# What are all the possible rational zeros for f(x)=3x^3-11x^2+5x+3 and how do you find all zeros?

Oct 26, 2016

$f \left(x\right)$ has zeros $1$, $- \frac{1}{3}$ and $3$

#### Explanation:

$f \left(x\right) = 3 {x}^{3} - 11 {x}^{2} + 5 x + 3$

By the rational roots theorem, any rational zero of $f \left(x\right)$ is expressible in the form $\frac{p}{q}$ for integers $p , q$ with $p$ a divisor of the constant term $3$ and $q$ a divisor of the coefficient $3$ of the leading term.

That means that the only possible rational zeros are:

$\pm \frac{1}{3} , \pm 1 , \pm 3$

Note first that there's a shortcut in this particular example, in that the sum of the coefficients is $0$. That is $3 - 11 + 5 + 3 = 0$

Hence we can deduce that $f \left(1\right) = 0$, $x = 1$ is a zero of $f \left(x\right)$ and $\left(x - 1\right)$ is a factor:

$3 {x}^{3} - 11 {x}^{2} + 5 x + 3 = \left(x - 1\right) \left(3 {x}^{2} - 8 x - 3\right)$

We could just try the remaining rational possibilities that we listed, but we can factor the remaining quadratic ($3 {x}^{2} - 8 x - 3$) easily enough using an AC method.

Find a pair of factors of $A C = 3 \cdot 3 = 9$ which differ by $B = 8$.

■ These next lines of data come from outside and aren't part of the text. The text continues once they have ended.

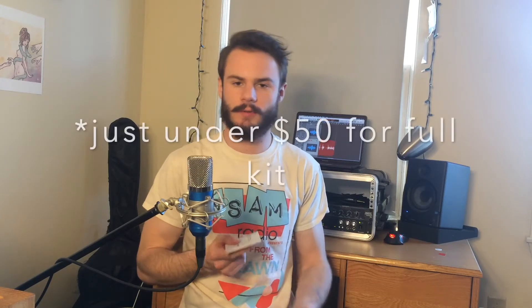Voila! So the package Tonor sent me came with tons of extra goodies aside from the microphone in that just over $30 package. You've got a pop filter, one of those broadcast stands, a number of cables, and a USB powered phantom power box for those of you who don't have audio interfaces with built-in phantom power.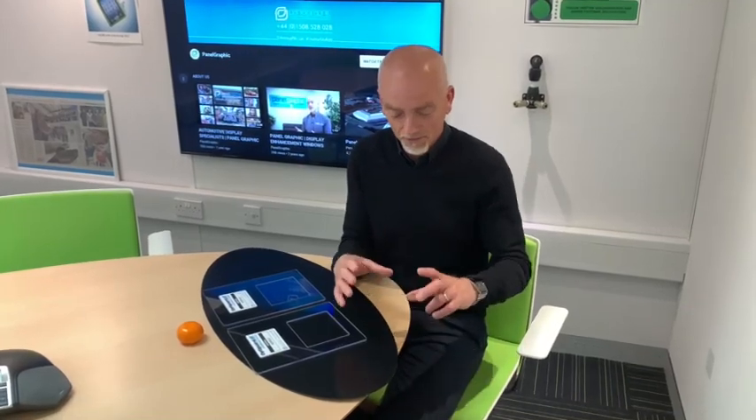Hi there, I'm Steve from Panel Graphic. Anti-reflection coatings for enhancement displays on screens — that's our speciality. It's very difficult to show you what an anti-reflection coating is and how it works, especially in a photo, so I'm going to attempt to show it in the form of a short video presentation. Basically, this is an anti-reflection lens.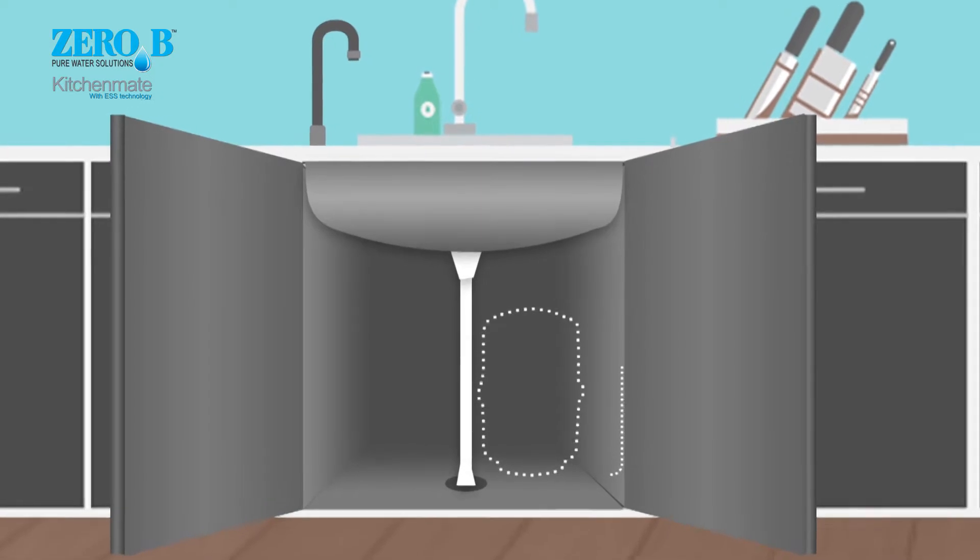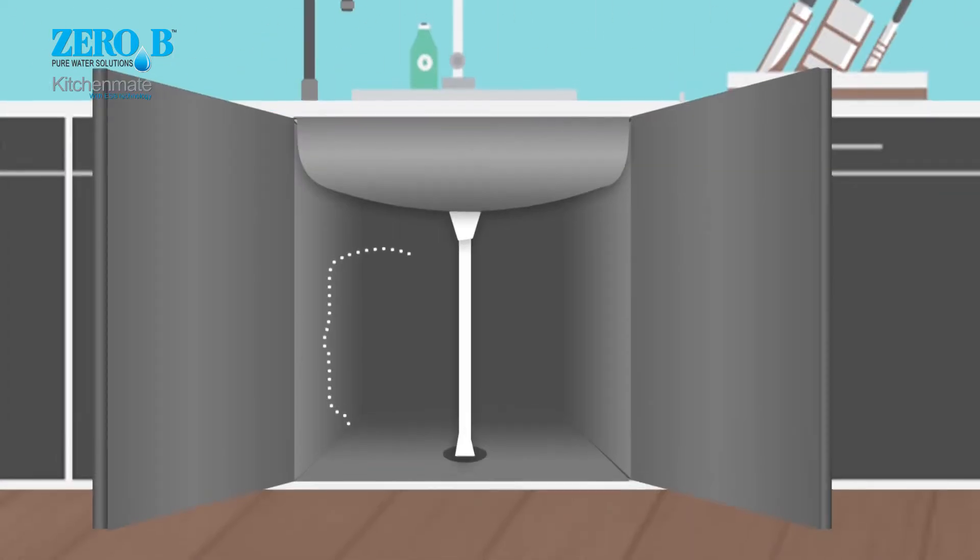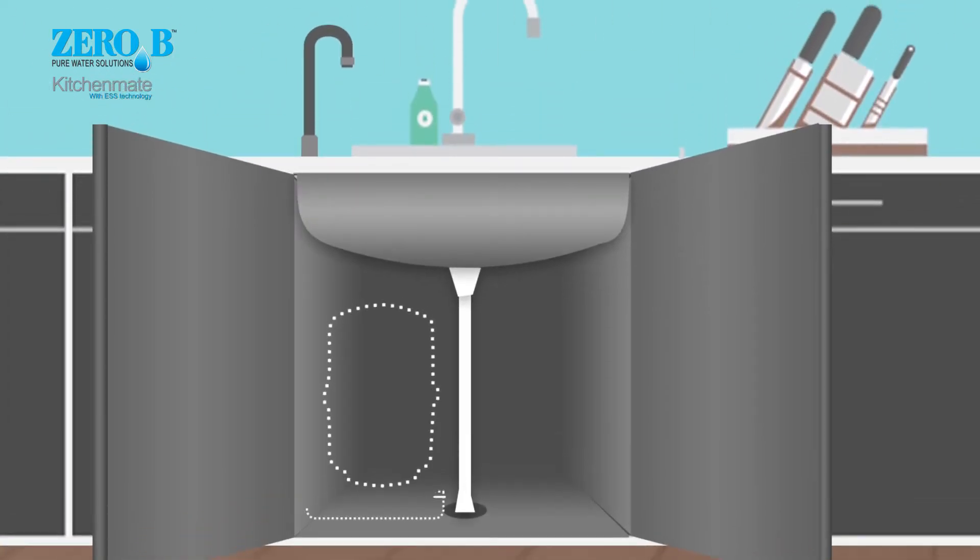The Zero B Kitchen Mate is sleek and compact — it maintains my modular kitchen's aesthetics without interfering with the kitchen interior. Oh wow!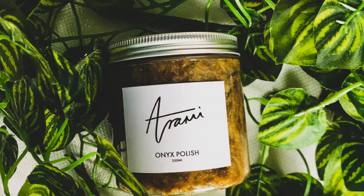Hey beautiful people, welcome back to my channel! Today I'm reviewing the Arami Essentials African Black Soap. This video has been highly requested — a lot of people have been asking me about this black soap in my DMs and comment section: is it good, is it going to fade my hyperpigmentation, heal my dark spots, brighten my skin, make me glow, and is it better than the Fig Health Store black soap?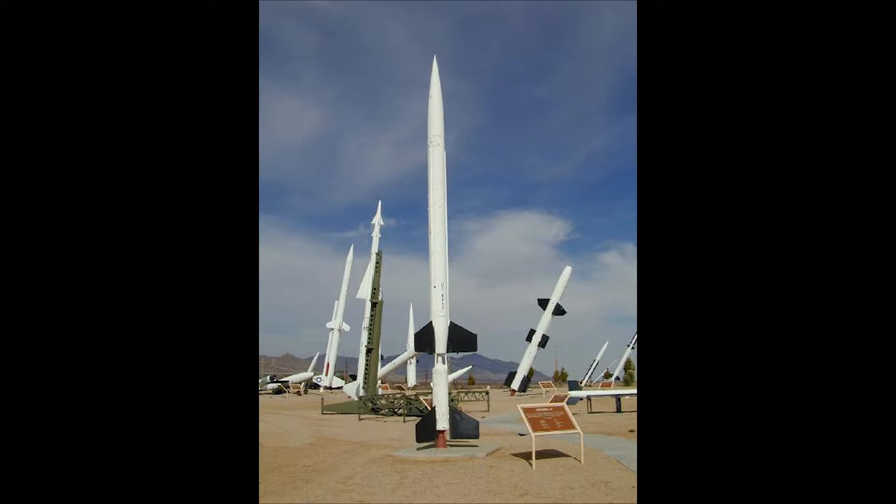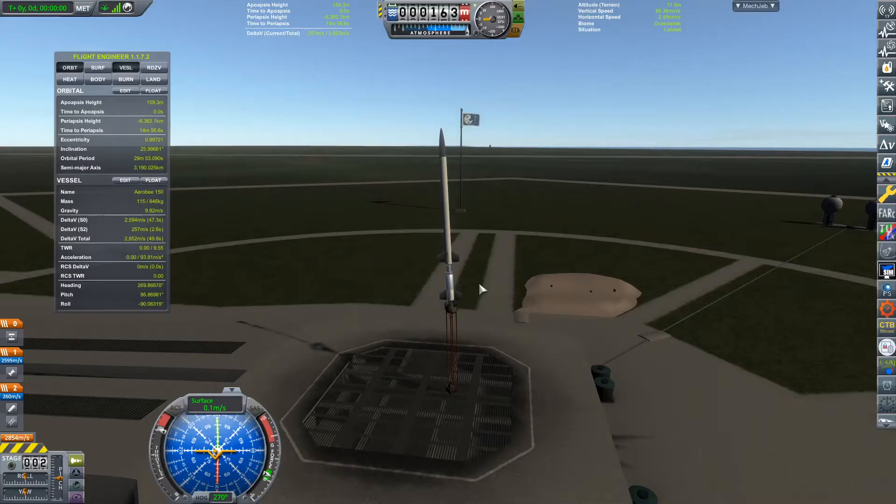As you can see in this picture, this is an actual picture of a real Aerobe rocket, and I tried to recreate it in Kerbal Space Program as best as I could, although obviously it doesn't look perfect. There were also multiple variants of the Aerobe — this specific one that I recreated was based on the Aerobe 150 rocket.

The pair $9 , 1$ works in that $9 \cdot 1 = 9$ and $9 - 1 = 8$

Use this pair to split the middle term and factor by grouping:

$3 {x}^{2} - 8 x - 3 = 3 {x}^{2} - 9 x + x - 3$

$\textcolor{w h i t e}{3 {x}^{2} - 8 x - 3} = \left(3 {x}^{2} - 9 x\right) + \left(x - 3\right)$

$\textcolor{w h i t e}{3 {x}^{2} - 8 x - 3} = 3 x \left(x - 3\right) + 1 \left(x - 3\right)$

$\textcolor{w h i t e}{3 {x}^{2} - 8 x - 3} = \left(3 x + 1\right) \left(x - 3\right)$

Hence the other two zeros of $f \left(x\right)$ are $x = - \frac{1}{3}$ and $x = 3$